Some moderate Protestants feel frustrated because, despite civil-rights reforms and substantial housing improvements, Catholic political opinion has hardened rather than moderated. This, it is feared, plays into the hands of Protestant extremists.

Such extremists had argued when the ``troubles'' began in 1969 that civil rights agitations were more a nationalist ploy to undermine Northern Ireland than a legitimate means to redress grievances on housing and discrimination.

While Unionists view the IRA as an out-and-out terrorist organization, many of them do not readily embrace the SDLP either. ``It's hard for us living in this place to see [John] Hume as moderate,'' says A. T. Q. Stewart, reader in modern history at Queen's University and author of several books on Northern Ireland.

Mr. Hume's decision that representatives of his party should not take their seats in the Northern Ireland Assembly angered many Protestants who feel he has abandoned the search for an internal solution in favor of the Irish dimension. Political observers suggest that the growing electoral challenge that Sinn Fein presents to the SDLP makes Hume reluctant to be seen operating within the existing political system.

At the same time Hume defenders, and they include moderate politicians in the south, feel he has not been given enough credit for upholding the democratic process. Hume has always insisted that unification can only come through the consent of the majority in the north.

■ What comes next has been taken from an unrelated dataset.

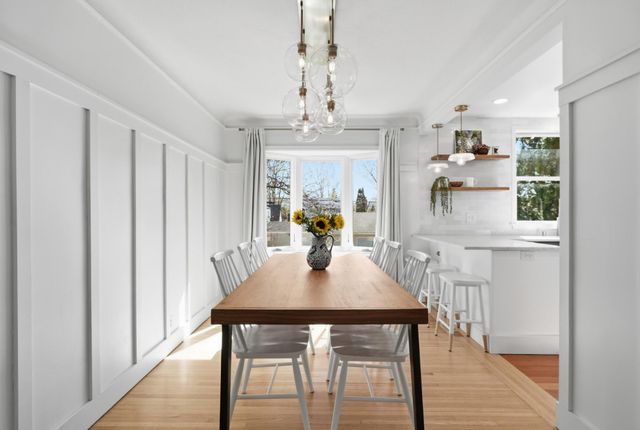 5221 Ewing Avenue S, Minneapolis, MN 55410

In an interview in his power base at Derry, Hume says: ``As far as I am concerned the differences between Sinn Fein and myself are very fundamental as long as they are wedded to a policy of violence -- because their violence is mainly why the problem is a lot worse.''

The promotion of Hume's SDLP by both Dublin and London makes Unionists highly suspicious: they feel it is being done at their expense.

A common Protestant evaluation of the British government's attitude to them is: ``We've given you constitutional guarantees. Now try to be conciliatory.''

A leading Unionist, Robert McCartney, insists that as Unionists, ``We would be prepared to give, but not on the constitutional issue.'' He has been instrumental in drawing up a bill of rights. But he fails to see how ``political aspirations for a united Ireland can be a human right that has to be catered for.''

Britain and Ireland are increasingly moving in tandem toward a political framework no longer strictly confined to Northern Ireland, a framework that would no longer automatically accord the Unionists a veto. Instead Dublin and London appear to be concentrating on the wider problem of relationships -- not just within Northern Ireland, but with Ireland as a whole, and between Britain and Ireland, in which any agreement will not be subject to veto. That's what worries Unionists.